Types of storms are vital because they last for various lengths of time. Almost all rare one-hour extreme rainfall events are related to thunderstorms, while those lasting 48 or 72 hours are sometimes brought on by hurricanes or their remnants.

North Carolina and South Carolina, that are steadily hit by hurricanes and tropical storms, have experienced quite a few extreme rainfall events in recent times. This includes Record rainfall in October 2015 in South Carolina; Hurricane Matthew in 2016; Hurricane Florence in 2018; the nameless storm mentioned above in September 2024; and now Hurricane Helene.

In fact, since 2002, the three U.S. storms which have caused 1,000-year rainfall in the most important areas have all hit the Carolinas: the October 2015 storm, Florence and Helene.

Loading the weather cubes

Why have so many storms struck the Carolinas in only a number of years, which historically and statistically ought to be extremely rare? There are two predominant reasons which can be related to one another.

First, estimating the probability of rare events requires increasingly large amounts of information. NOAA's Atlas 14 for the Carolinas was last updated in 2006, and only data through the 12 months 2000 were used for these calculations.

As more storms occur and more data is collected, estimates develop into more robust. Given that reliable measurements of precipitation only return about 100 years, the true likelihood of that much rain falling within the Carolinas is can have been underestimated until now.
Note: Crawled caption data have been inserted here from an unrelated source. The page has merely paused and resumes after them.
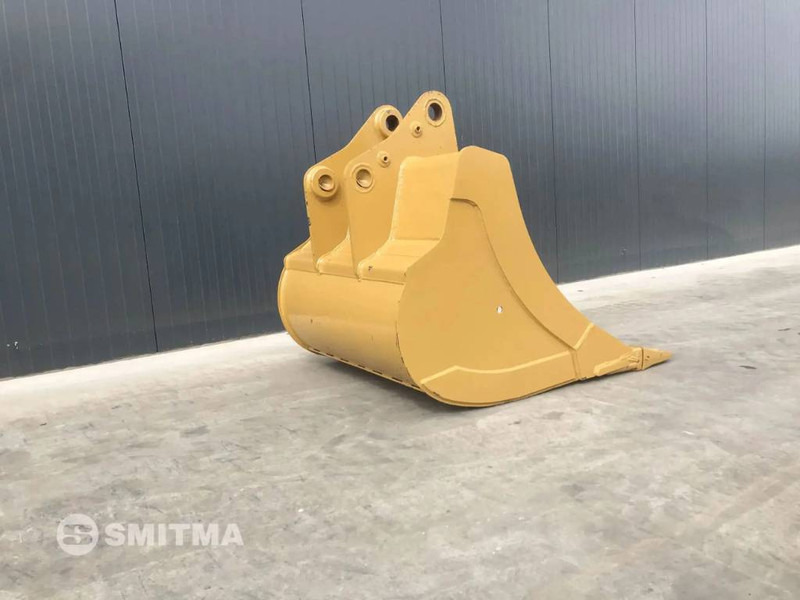 Cat M315D - Bucket for Construction machinery: picture 4 Cat M315D - Bucket for Construction machinery: picture 4
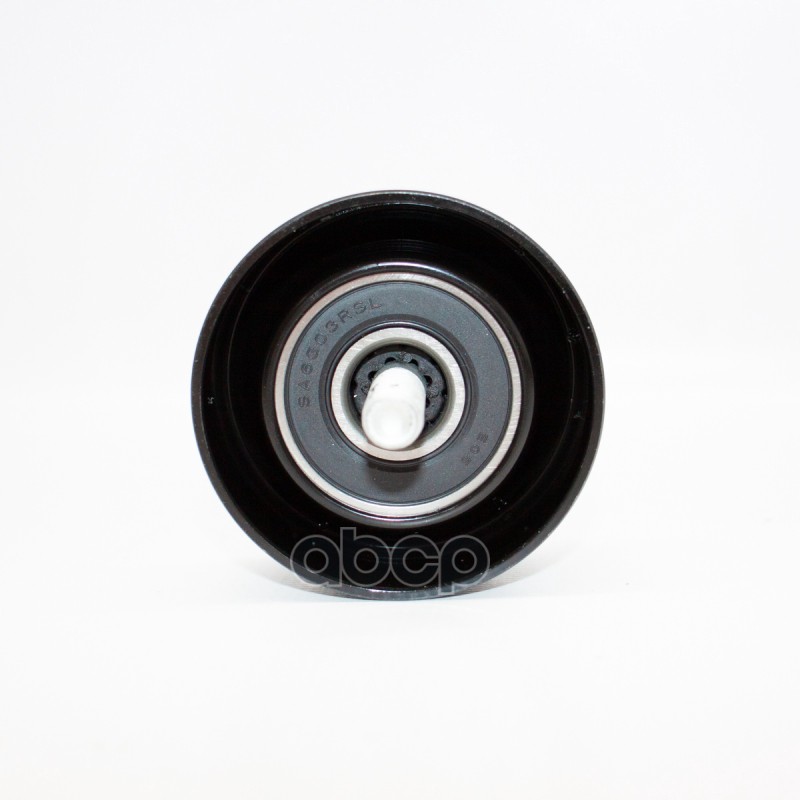 Ролик приводного ремня iX 35 2.0 i/SPG III 2.0 i/SON YF (2010-)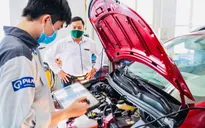 Hà Nội mở rộng nhóm học sinh, sinh viên đi học trực tiếp từ 14/2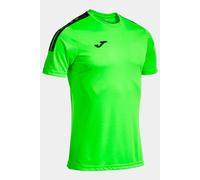 Camiseta Manga Corta Joma Olimpiada - Camiseta Manga Corta Hombre MKP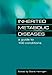 Inherited Metabolic Diseases: Research, Epidemiology and Statistics, Research, Epidemiology and Statistics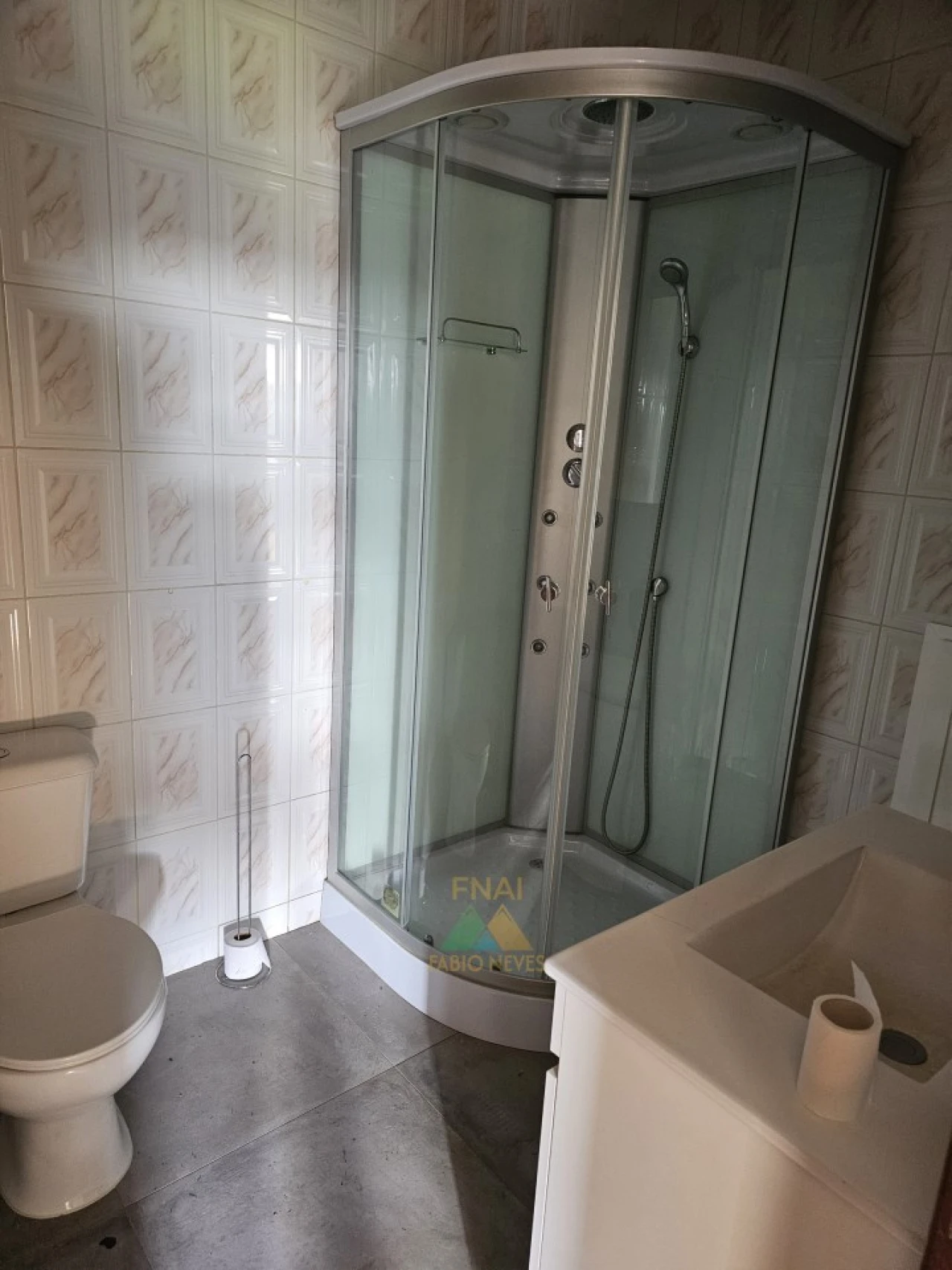 Moradia T3 para Venda em Navió e Vitorino dos Piães Foto 41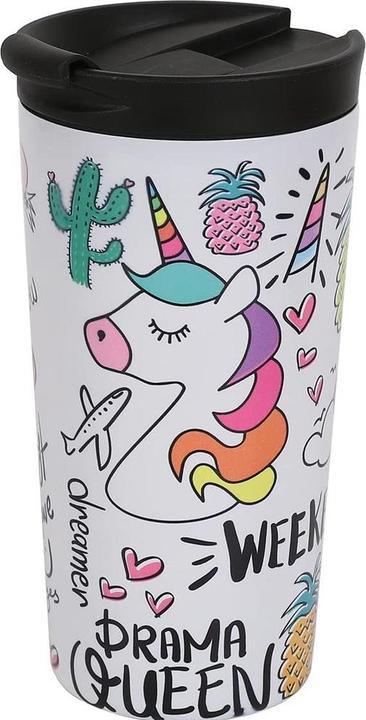 Actual product image iDrink Drinking cup (0.35 l)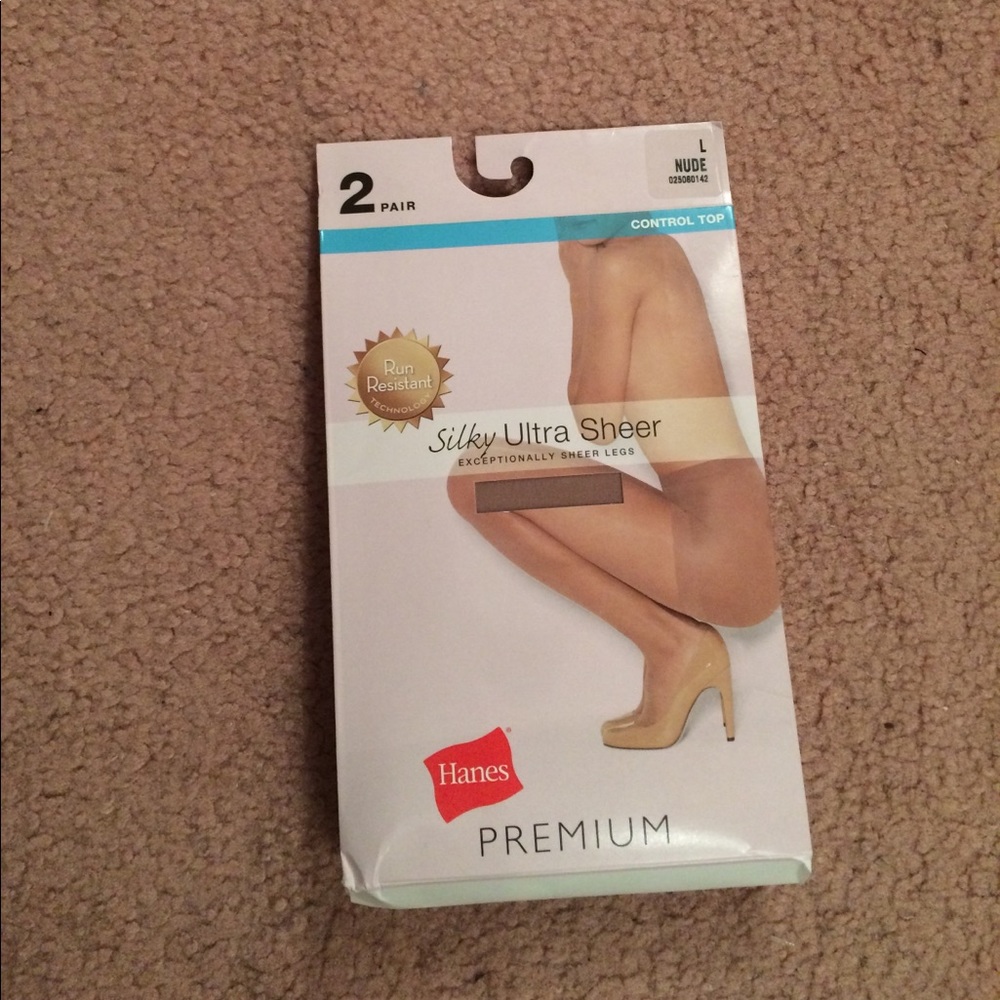 Tights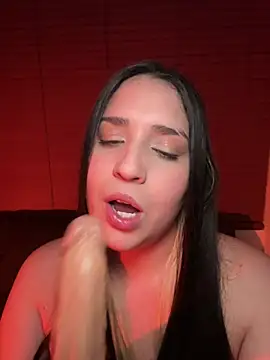 Valentina_jonnes1 - Show boobs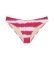 BIKINI BRIEF TRIUMPH SUMMER FIZZ RIO BRIEF PT  (36)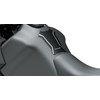 Kawasaki KLR Motorcycle Tank Pad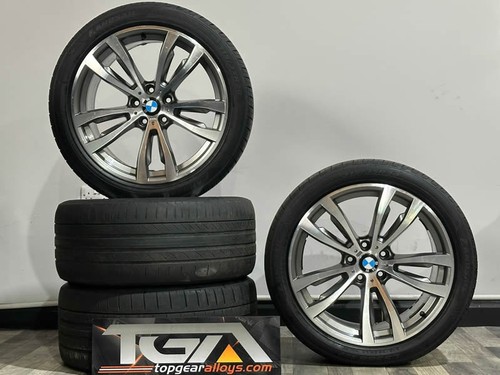 Originale bmw 469m per - originale,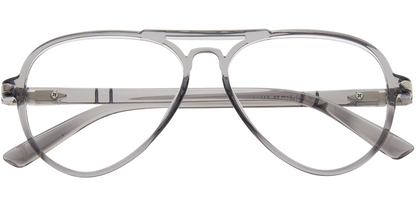 Tr Aviator Frame F4370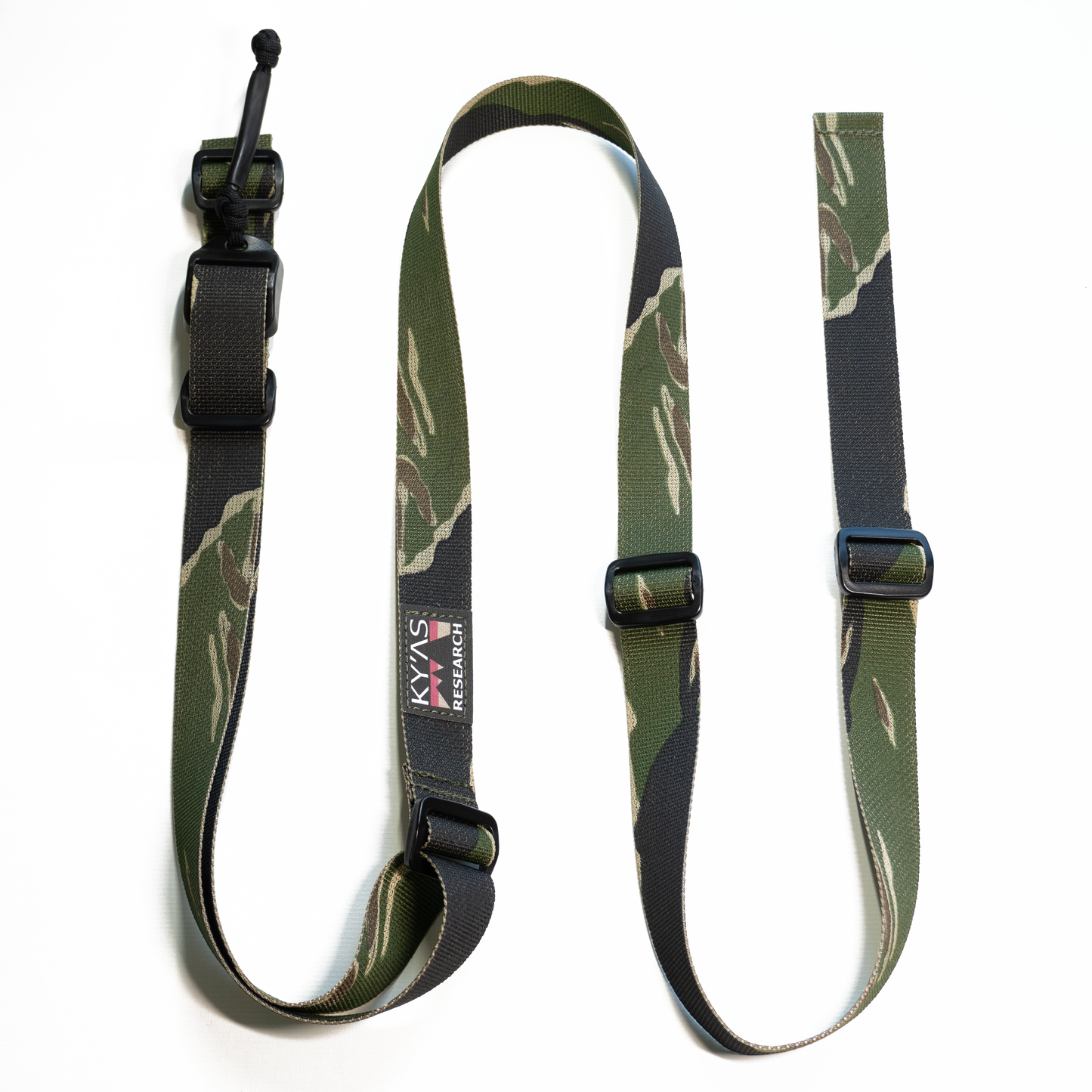 KY'AS Rifle Sling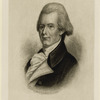 William Few.
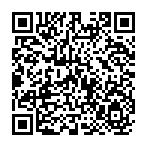 www.house-info.tw房屋網-亞洲商業大樓,桃園亞洲商業大樓,桃園區亞洲商業大樓-QRCode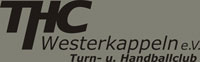 Logo-thc-westerkappeln-de.jpg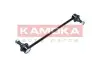 Тяга/стойкая, стабилизатор KAMOKA (9030157) изображение 4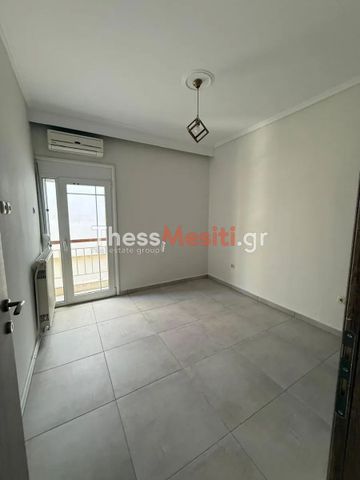 Διαμέρισμα για ενοικίαση Συκιές - Photo 5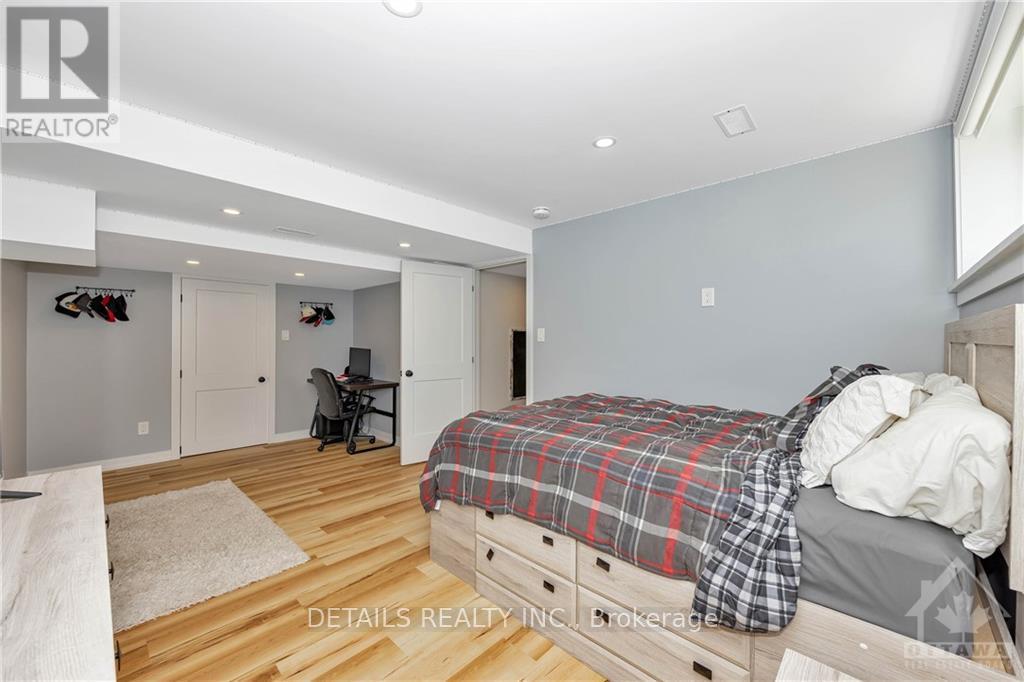 764 Kirkham Crescent, Ottawa, Ontario  K0A 2Z0 - Photo 29 - X13798320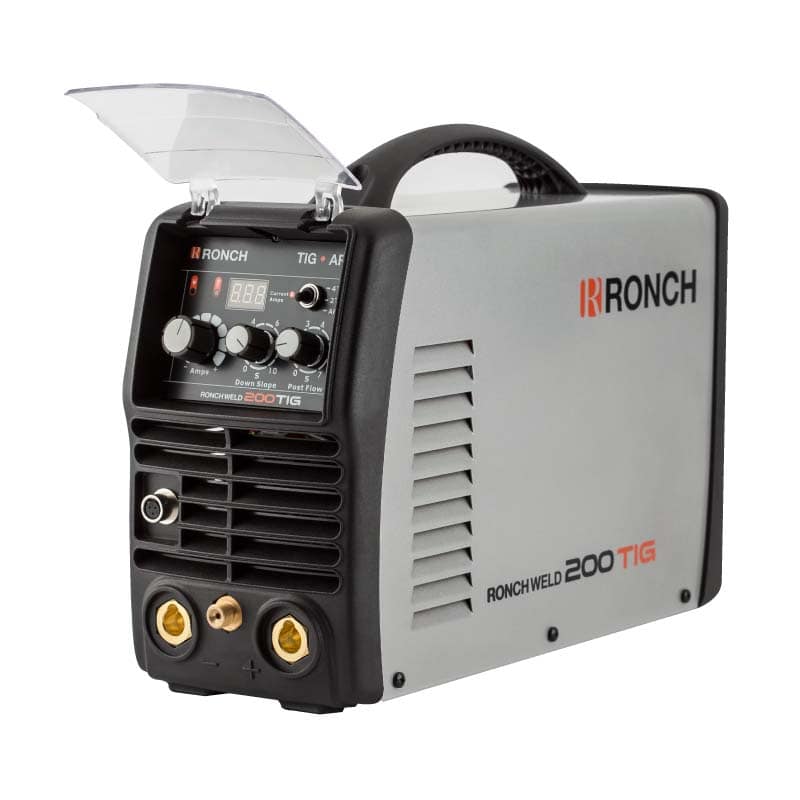 200tig1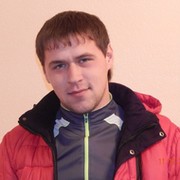 Иван коваленко муж нарочницкой фото Иван коваленко - 31 год на Мой Мир@Mail.ru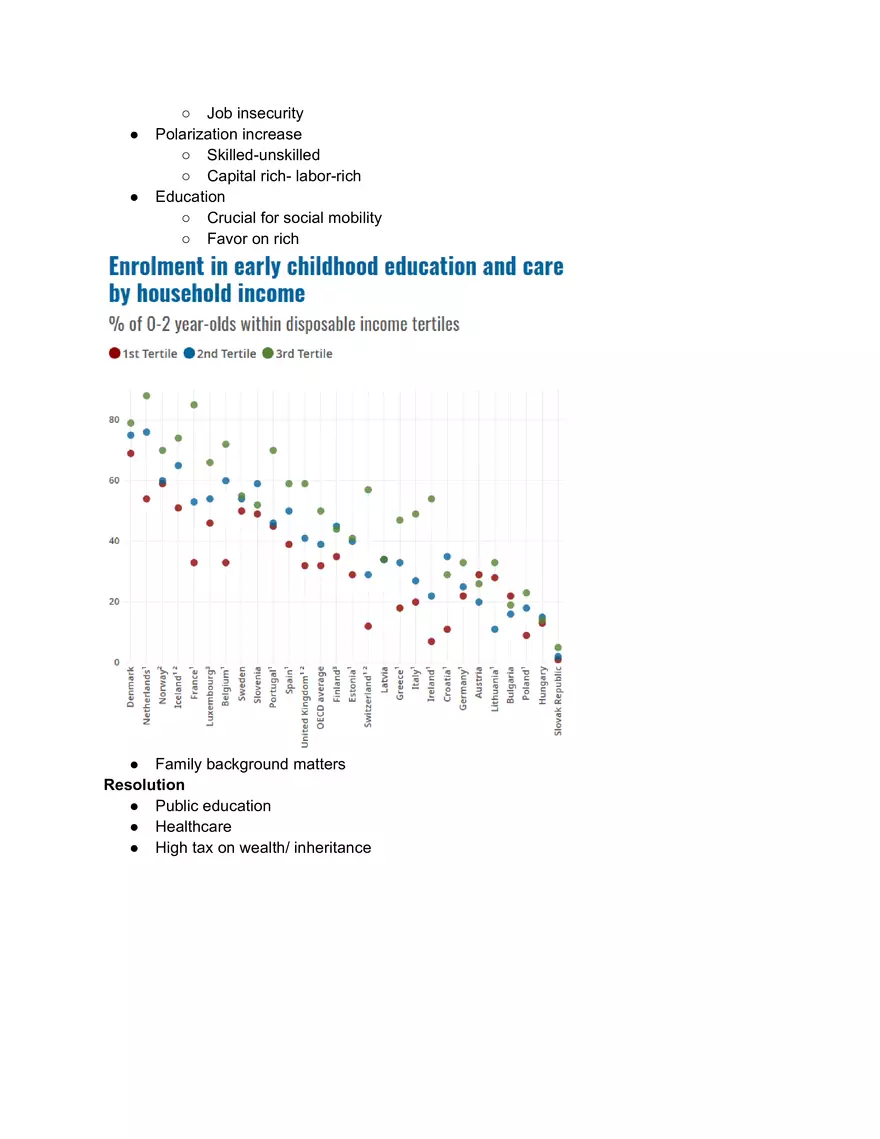 Global Inequality - Page 2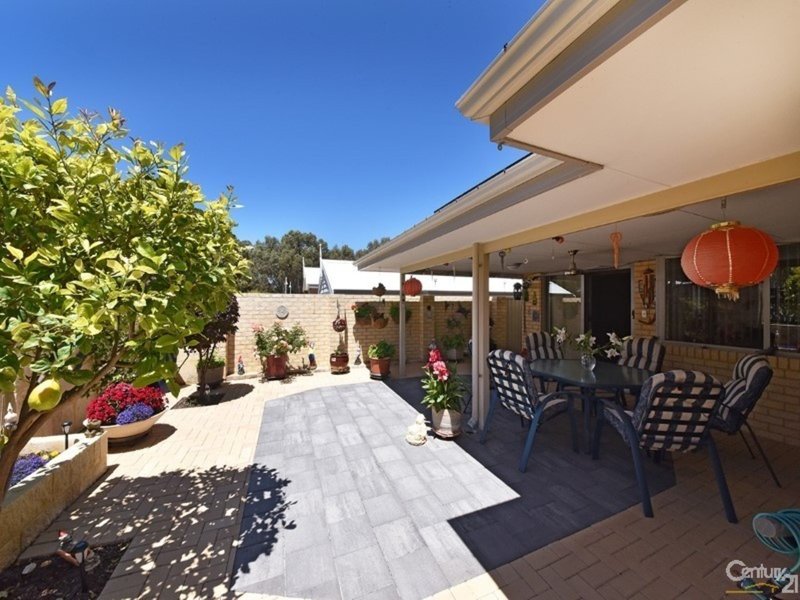 Photo - 7 Langston Drive, Yanchep WA 6035 - Image 22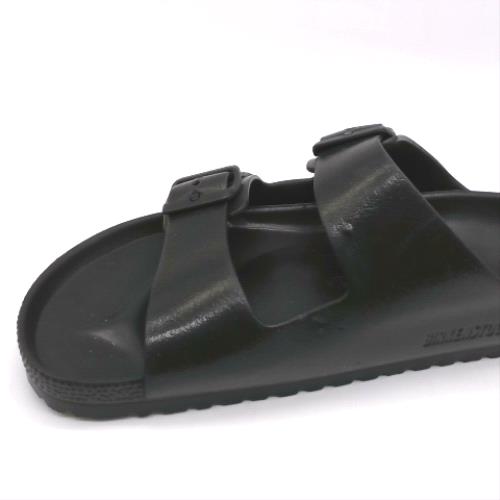 BIRKENSTOCK arizona eva 3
Second, these statistics assume that the climate is just not changing, but we realize it is. The frequency of heavy rain is increasing, especially in coastal regions increased resulting from human-caused climate change. Warmer air can hold more moisture, and warmer oceans provide that moisture as fuel for heavy rainfall.

As a result, climate change is causing rainfall that was previously extremely rare somewhat more likely. Although the Carolinas have been particularly unlucky in recent times, the chances are also tipped toward heavier rainfall – a trend that poses significant challenges to emergency preparedness and recovery.

NOAA is currently evolving Atlas 15which can update current estimates with newer data and bear in mind the impacts of climate change. The agency also plans to modernize its estimates of an equivalent amount probable maximum precipitationThis is an estimate of the worst rainfall a location could experience.

Engineers use these estimates to design large critical facilities corresponding to dams that may withstand the flooding that might end in worst-case rainfall at their sites. North Carolina has developed its own version of Atlas 15 due to the urgent have to plan transportation infrastructure to handle more events like Florence and Helene.

These updates provide information that will be used for higher planning and decision making. However, extreme rainfall will proceed to pose a serious threat and have significant impacts on many U.S. communities.